— Je l’ai vu, dit le préfet, et j’en suis charme.
— Bon, dit Maurin. Et quand nous déjeunerions dans les bois entre moi, douze ministres, six empereurs et un préfet, là encore je ne craindrais personne ! mais dès que vous me mettez assis à une table qui a une nappe, au milieu d’un salon bien éclairé, avec des domestiques derrière moi, je deviens coïon comme la lune… Tenez, j’aurais trop peur de renverser les salières… ça porte malheur.
— Seriez-vous superstitieux, Maurin ? Comment entendez-vous que cela porte malheur ? dit le préfet curieux.
— Ça porte toujours malheur de casser ou de renverser quelque chose, dit Maurin. Si peu que vaille la chose, c’est toujours plus que rien et ça porte donc toujours malheur à la bourse. Pour vous en revenir, je renverserai les salières ou la bouteille, et alors, ou bien je dînerai mal parce que je serai gêné, ou bien je mangerai comme quatre et vous penserez que j’ai tort de ne pas me gêner un peu… Pastouré m’attend.
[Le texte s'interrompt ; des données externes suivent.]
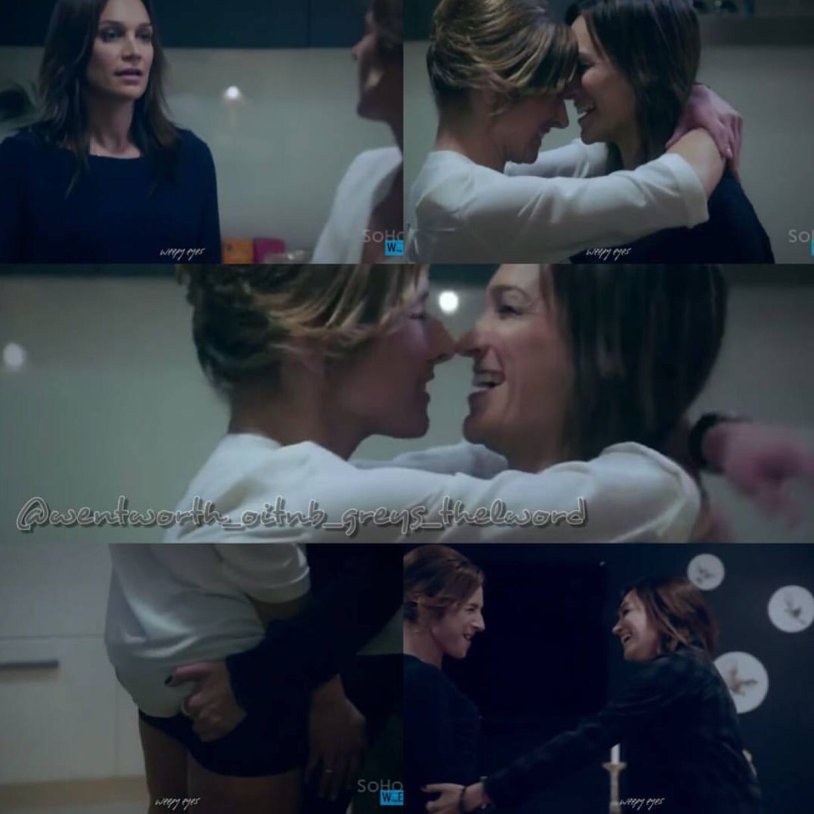 Anna Klinkevich Sniper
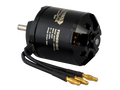 UPR Products auto part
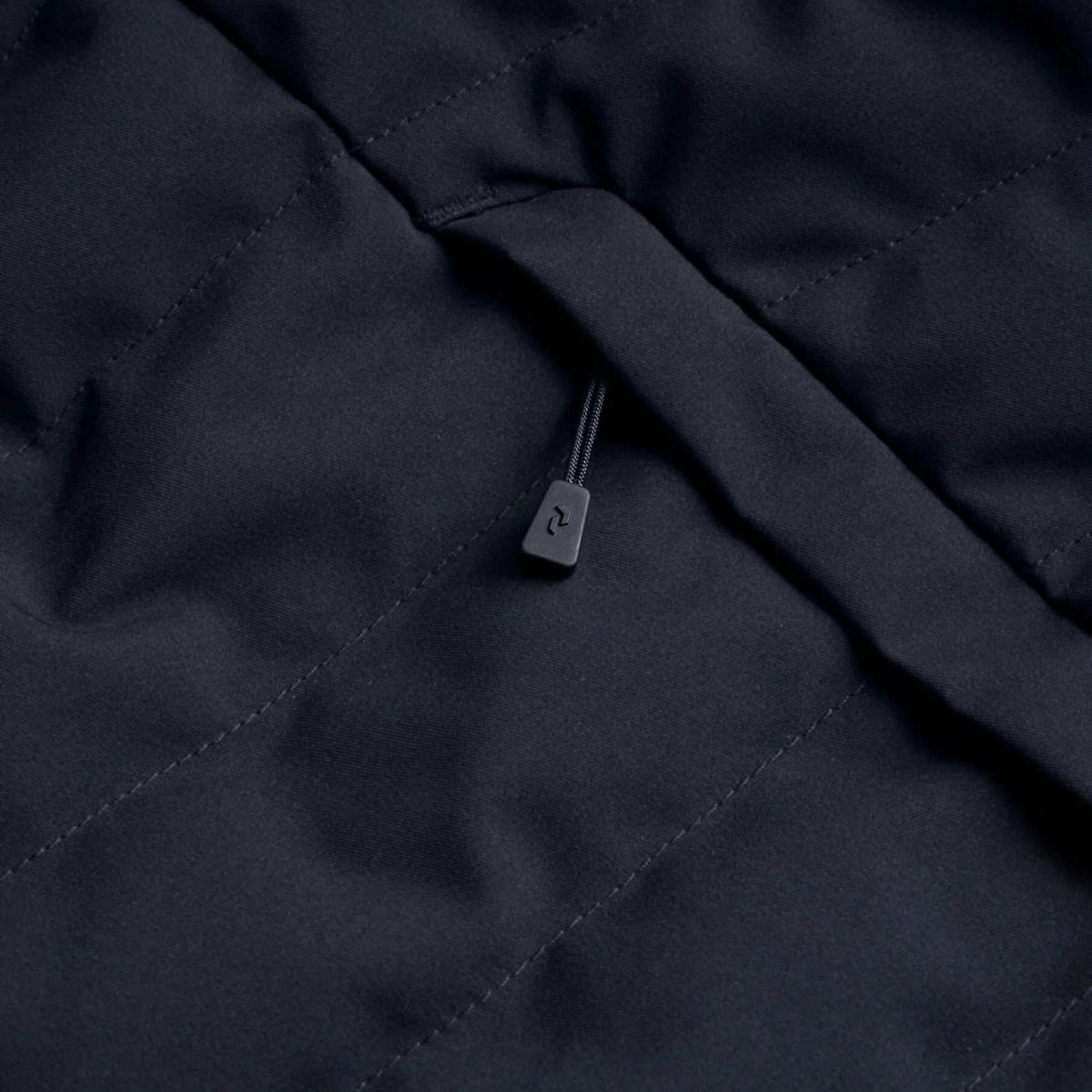 Manteau Frost Ski Homme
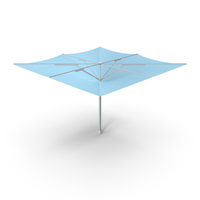 Patio Umbrella PNG & PSD Images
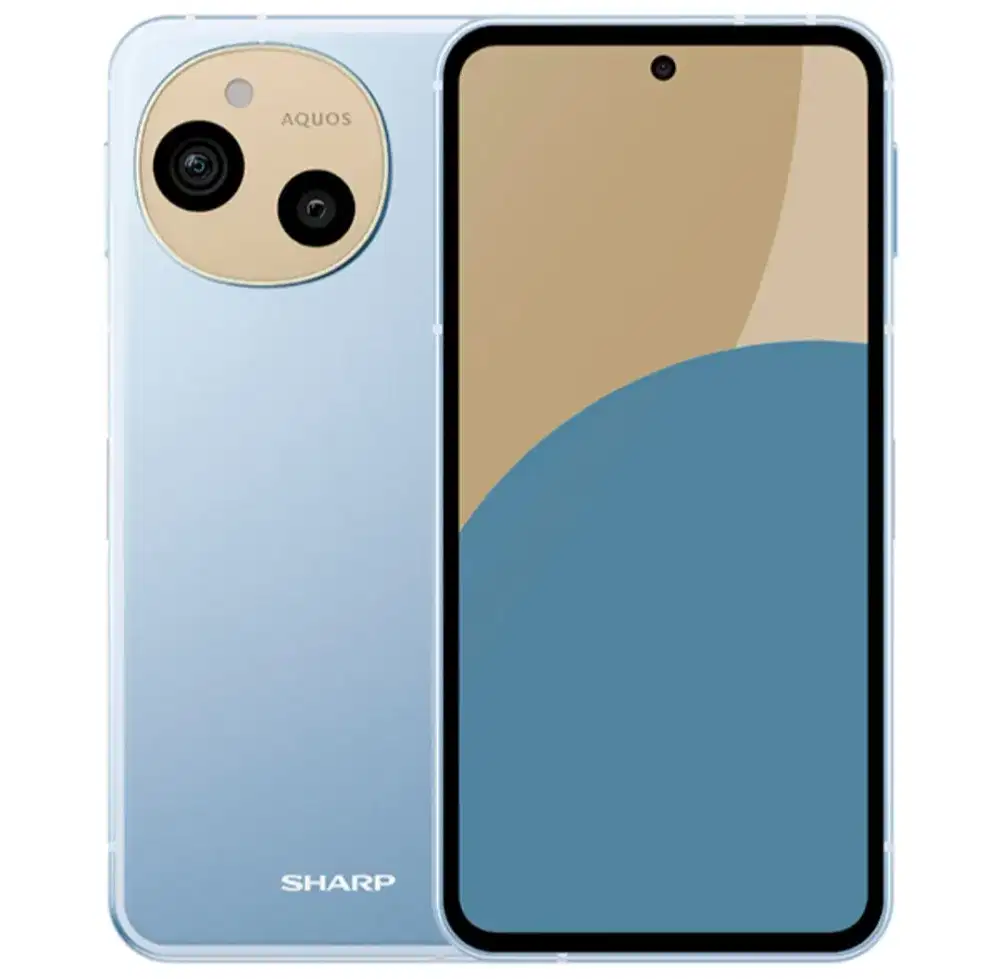 CASH KREDIT TANPA DP 0%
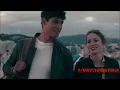 WARRIOR NUN Season 2 MOVIES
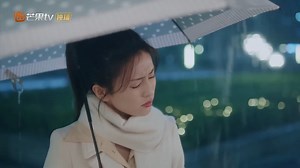 Only For Love ENGSUB by chinesedrama1998 - Dailymotion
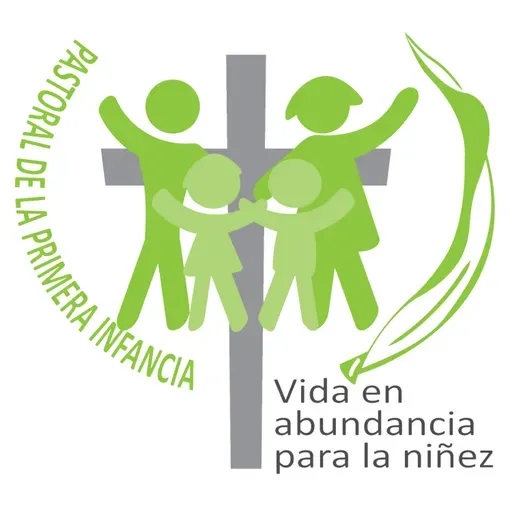 T1 E39 ¿… y si mi bebé es diferente?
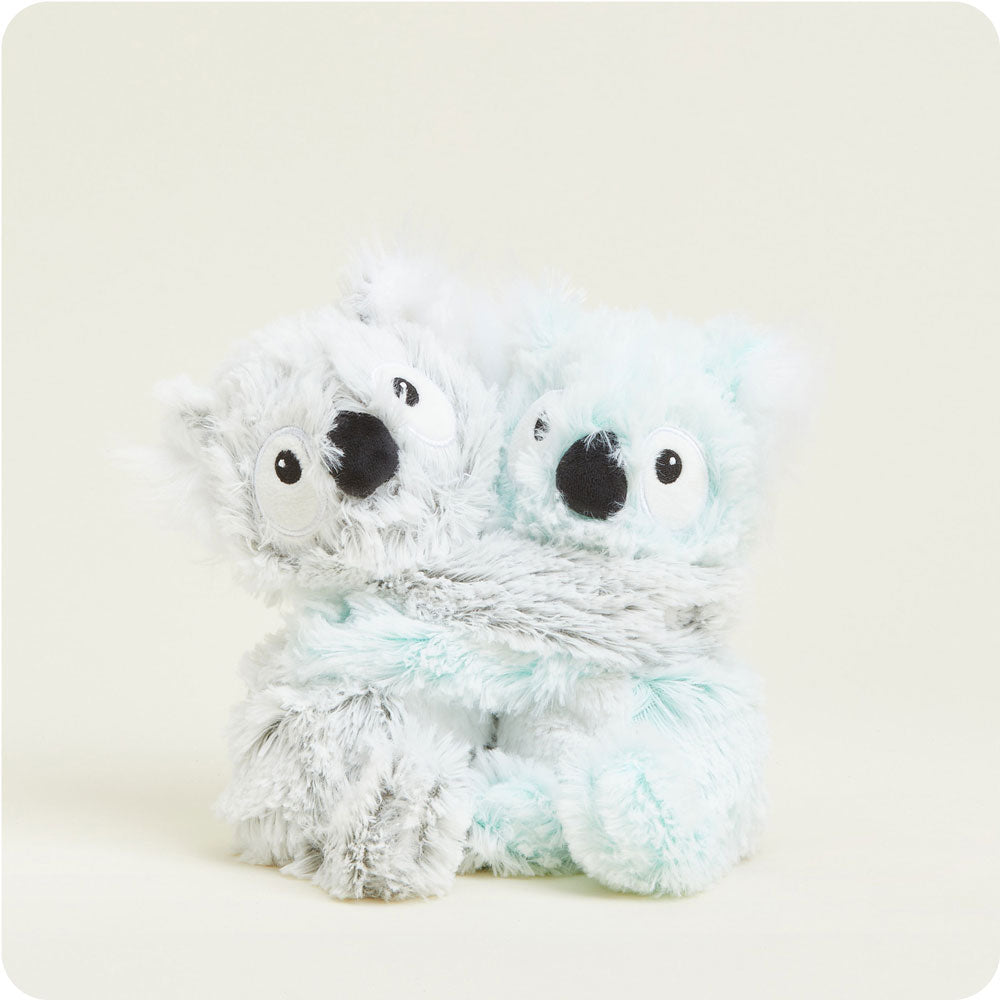 Koala Hugs - Home Choice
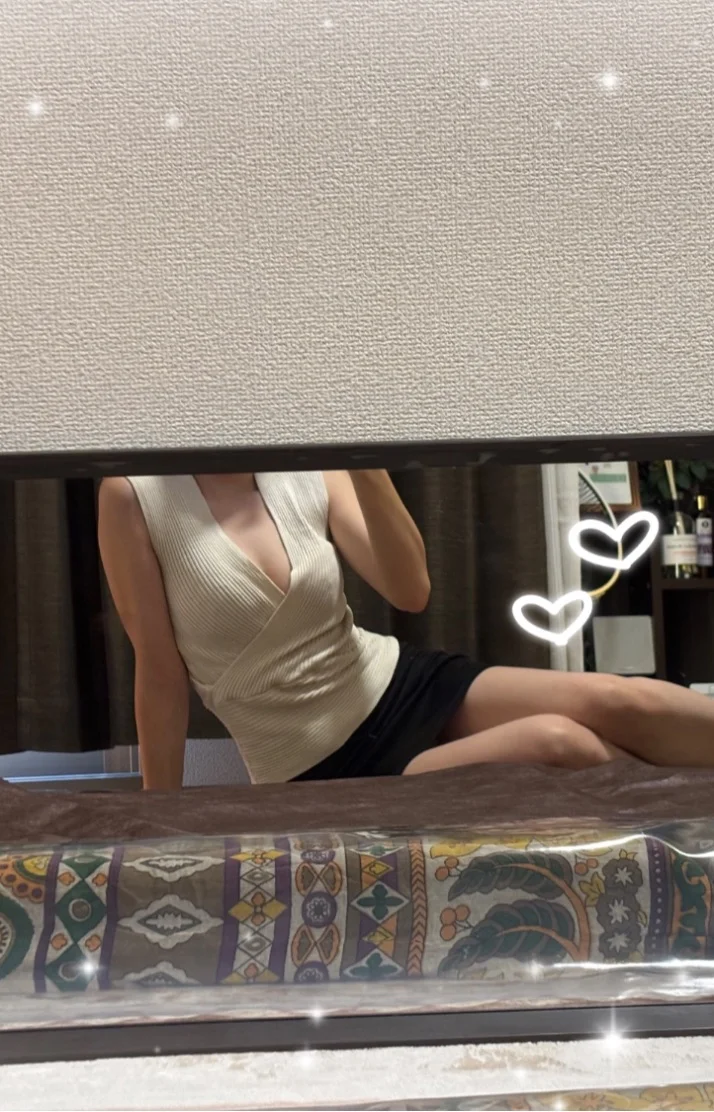 ほのかさんの写メ日記：本日の出勤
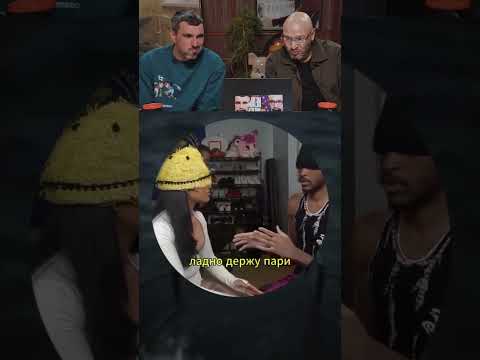 ЗАСМЕЯЛСЯ – ПОДПИСАЛСЯ 🤣 ч.93 | #смешноевидео #юмор #прикол #мем #смех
Dînez entre vous.
— Qui ça, Pastouré ?
— Mon camarade, celui qui chasse en gesticulant tout seul. On vous l’a bien montré, aujourd’hui ?
— Ah ! oui ! Eh bien ! amenez-le.
— Bien entendu que je ne le laisserai pas « pour graine » à la porte de l’hôtel ; mais, monsieur le préfet, il y a autre chose…
— Et quoi, Maurin ?
Maurin regarda le préfet en face.
— Pourquoi m’invitez-vous à dîner
— Parce que je vous connais de réputation et que vous me plaisez.